▸ What needs to be done
Return only the lines from the start of the records through the line that contains "KIA Ceed Parking", inclusive; leave out all pictures.

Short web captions
▼▼▼
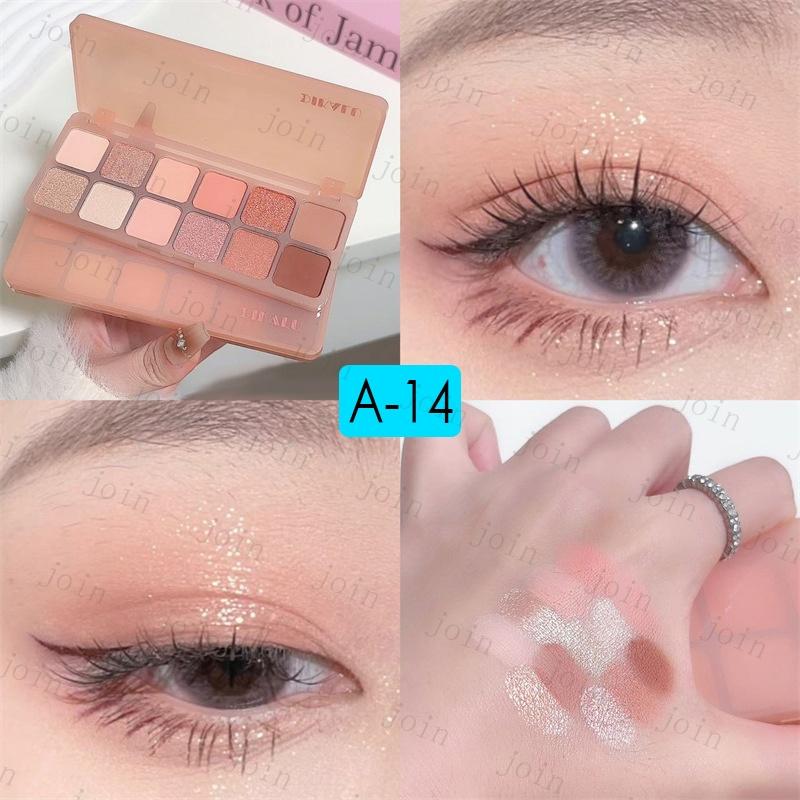 アイシャドウパレット (cs562#) 日本国内当日発送 12color set 16type アイシャドウ 韓国コスメ 落ちにくい アイメイク プチプラ 化粧品 メイクアップ |  | 12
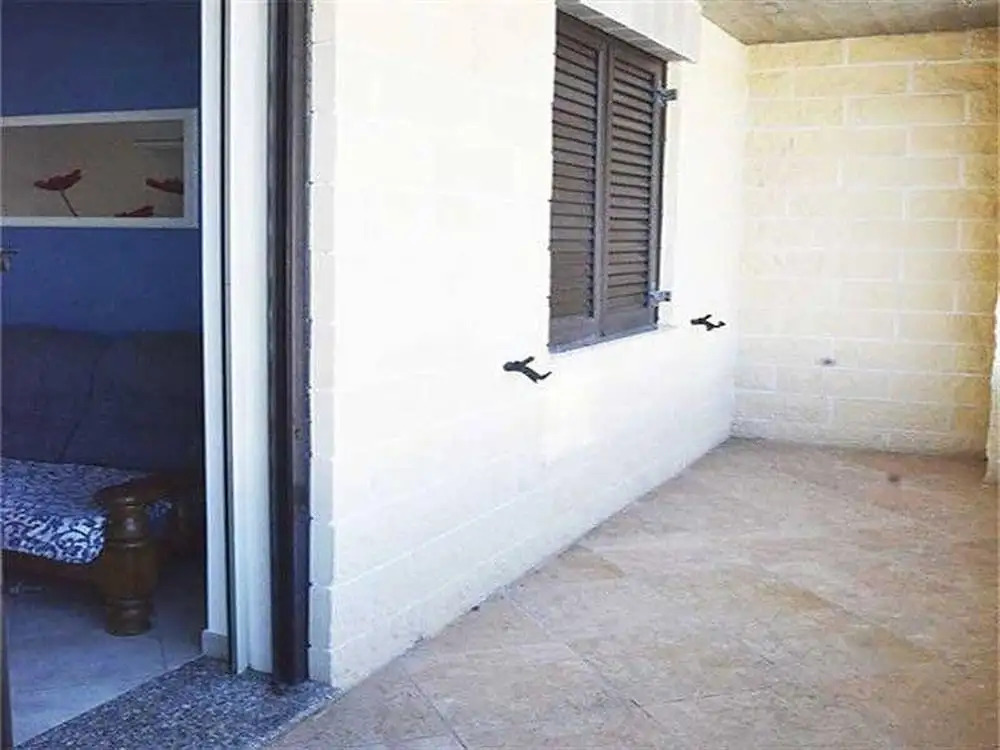 Holiday Apartment In Central Location With Air Conditioning And Balcony Pets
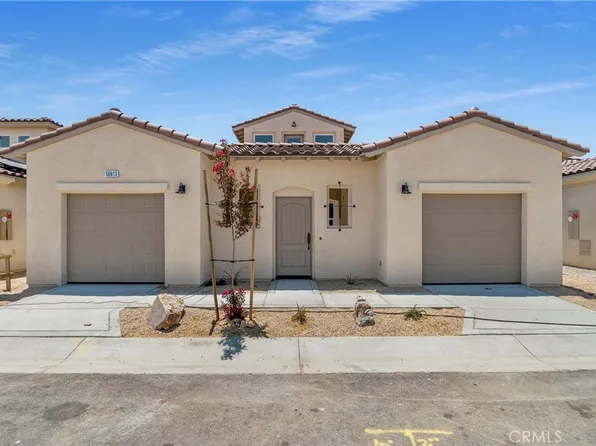56685 Desert Vista Cir, Yucca Valley, CA 92884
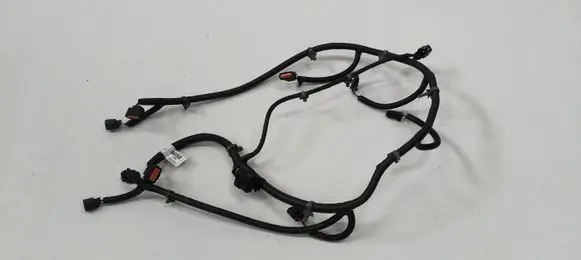 KIA Ceed Parking sensor (PDC) wiring loom 91891A2010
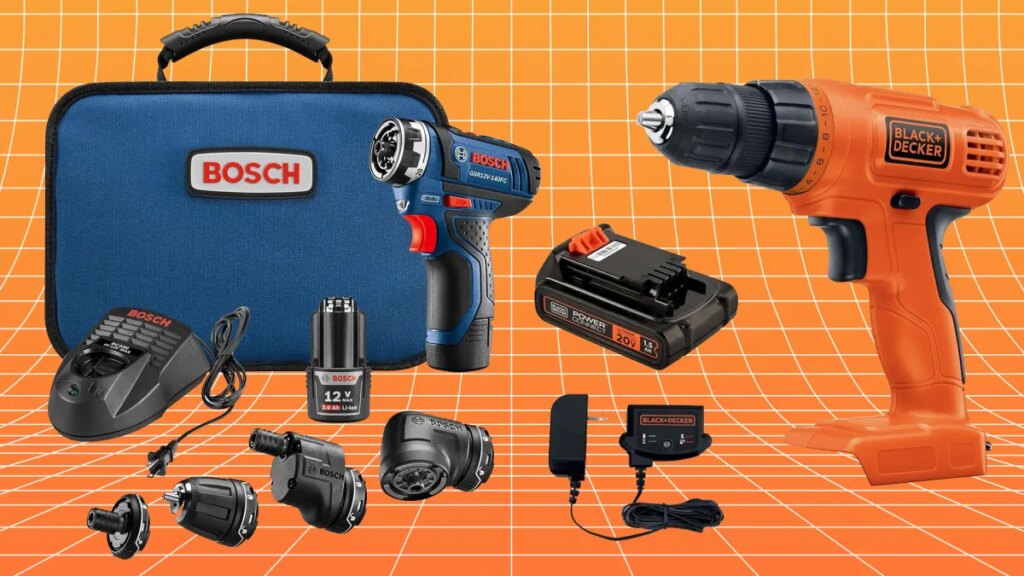 Amazon October Prime Day Clearance Prices on Power Tools Amazon October Prime Day Clearance Prices on Power Tools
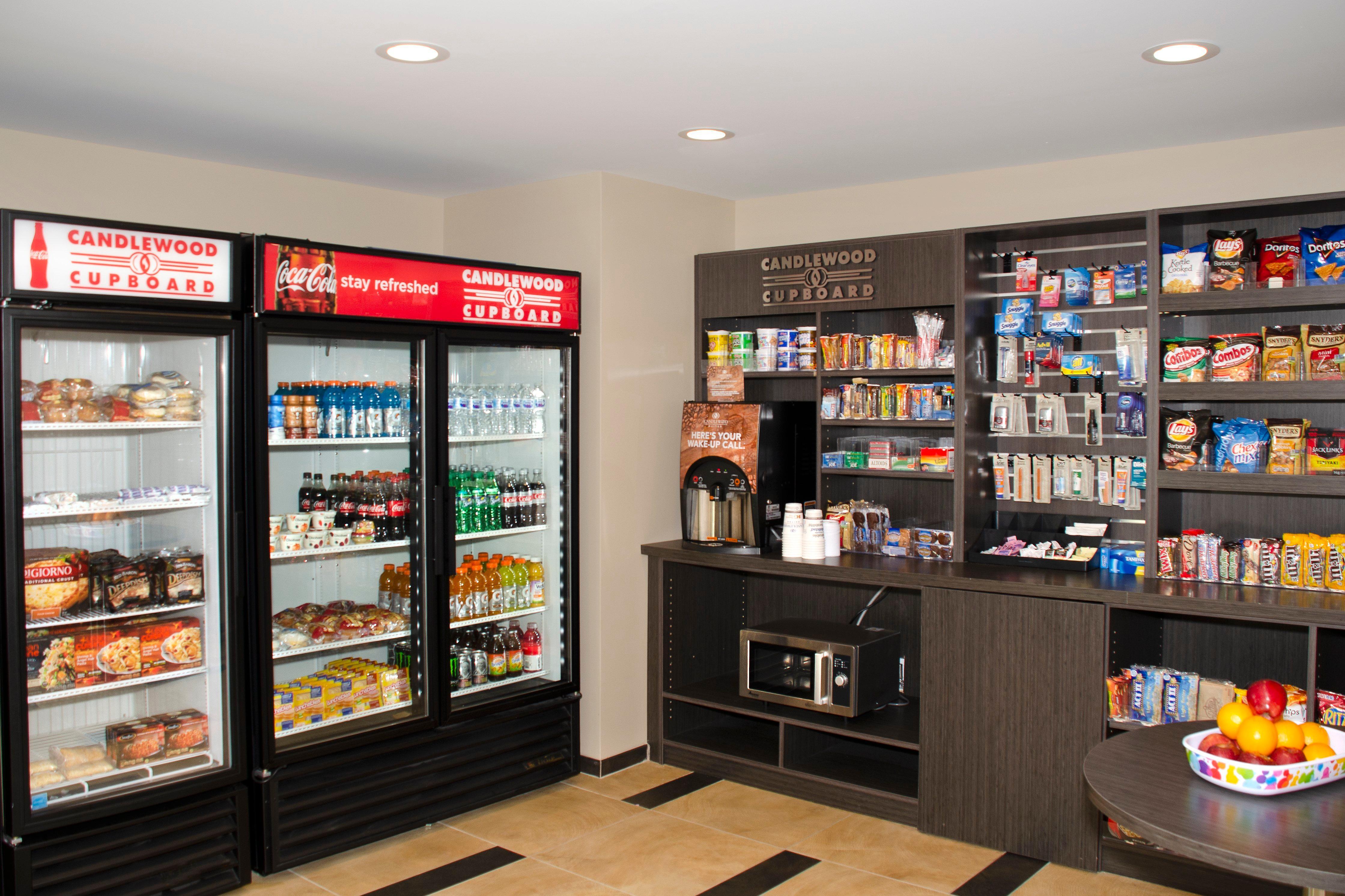 Candlewood Suites - Lancaster West By Ihg Mountville Eksteriør bilde
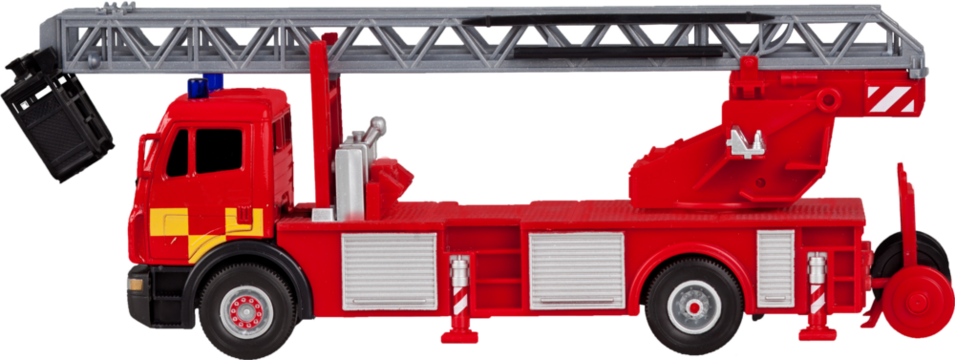 Toy,model fire engine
▲▲▲
▸ Your response
 アイシャドウパレット (cs562#) 日本国内当日発送 12color set 16type アイシャドウ 韓国コスメ 落ちにくい アイメイク プチプラ 化粧品 メイクアップ |  | 12
 Holiday Apartment In Central Location With Air Conditioning And Balcony Pets
56685 Desert Vista Cir, Yucca Valley, CA 92884
 KIA Ceed Parking sensor (PDC) wiring loom 91891A2010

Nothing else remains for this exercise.